A soldier who had been searching a bedroom came into the living room and handed a metal file box to Omar. He said something in the Arabic language and then returned to the bedroom.
“He says there are documents in this box, but he can’t read them.” Omar sat down on the couch and opened the box. Inside was a folder containing a few sheets of paper. Omar looked at the first page and scoffed. “My English is good, if I’m speaking,” he said. “I have not learned to read it yet.”
Paul accepted the folder and lowered himself into the cozy armchair behind him. The pages were handwritten, a little sloppy, but in English. He read the first page. It was a letter to someone, very likely any of the three men who had resided in the apartment. The writer had taken care not to address his “friend” by name. He also referred to a “meeting place”, but gave no hint as to where the meeting place was located.
There were ten pages altogether, none were dated, but each was a new letter with the same handwriting, and each letter was signed The Doctor. That was all the identification the writer would give. Paul suspected the letters had been mailed out over a period of time, months or even years could have passed between the first letter and the last letter for all he knew.
The letters told about the transferring of money and the willingness of the Doctor to see something through, if only his Friend could deliver the necessary products. In the last letter the Doctor said he had received the delivery, he would be at the meeting place when his Friend arrived—no time specified—and they could go for a cup of coffee before “activating the mission”.
I have applied the device to six of my patients and I will continue to do so as long as we are working together. You only need to lay in the final touches and the rest will take care of itself.

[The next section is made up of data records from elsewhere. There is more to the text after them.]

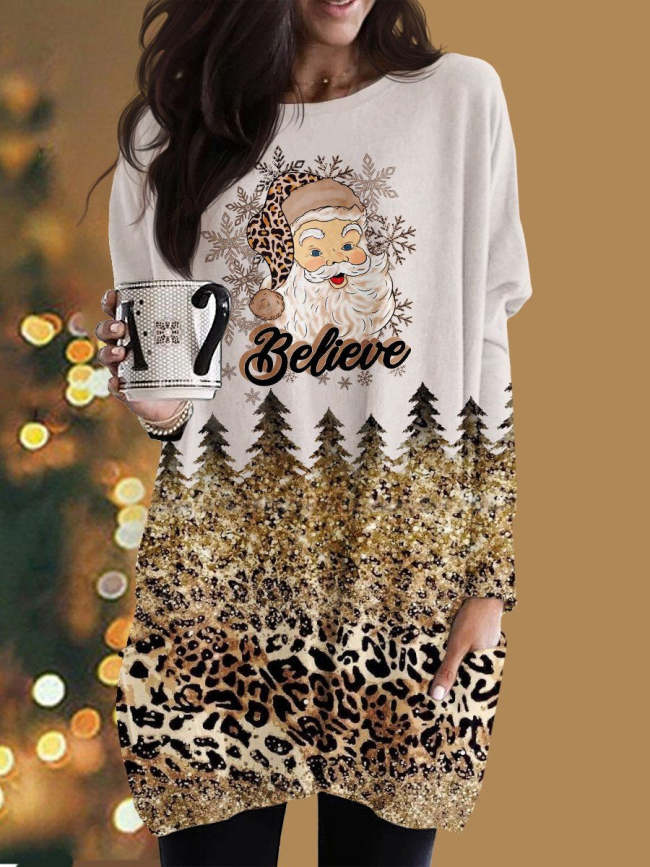 Women's Santa Believe Leopard Shiny Casual Top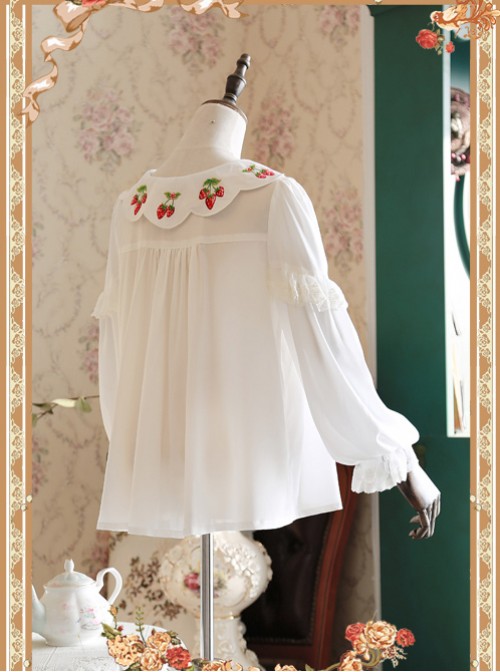 Strawberry Embroidery Series Double-sided Wear White Chiffon Lolita Long Sleeve Shirt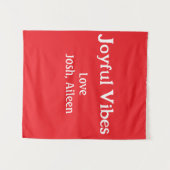 Joyful Vibes Rote Weihnachtsferien Liebe Wandteppich (Vorderseite (Horizontal))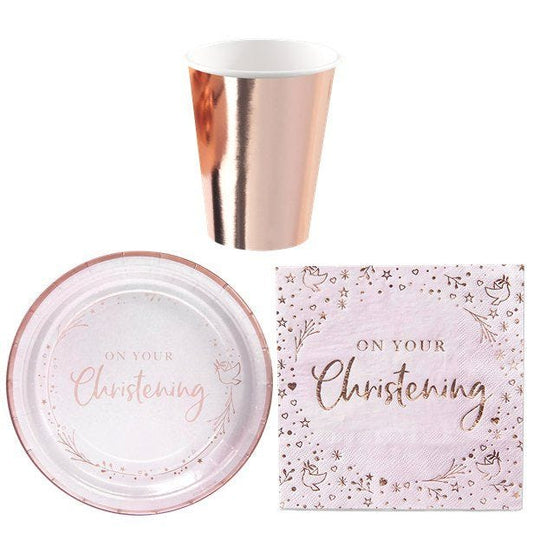 On Your Christening Pink - Super Value Party Pack for 8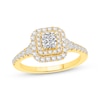 Thumbnail Image 1 of Princess-Cut Diamond Cushion Double Halo Engagement Ring 1 ct tw 14K Yellow Gold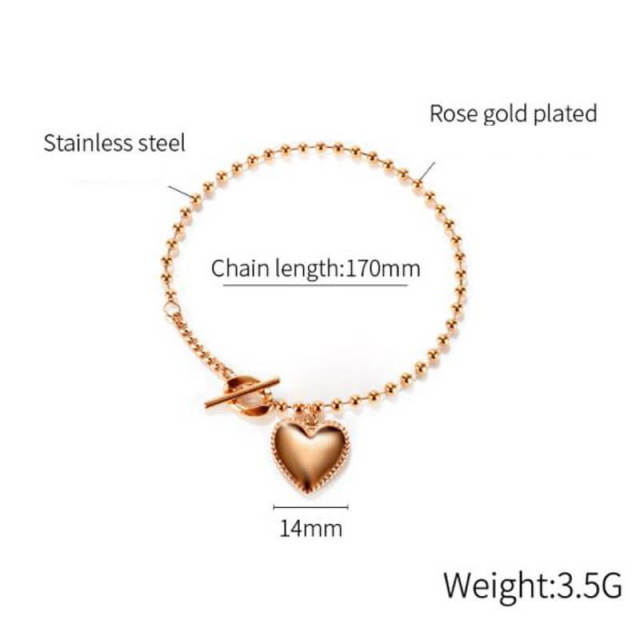 OOVOV Bracelet for Women Stainless Steel Bracelet with Heart Pendant Jewelry Gift for Women Girlfriend One Size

Paul read the last letter twice. He didn’t know what the Doctor was talking about, but that such letters were found in this place troubled him. It might be nothing or it might be something. Chances were high that they wouldn’t be able to track down the Doctor and get to the bottom of this, but Paul decided he needed to get the letters to his superiors so an investigation could get underway.
He closed the folder and stood up.
“This is important,” he said and started for the door. “I’m not sure what it means, but we have to check it out.”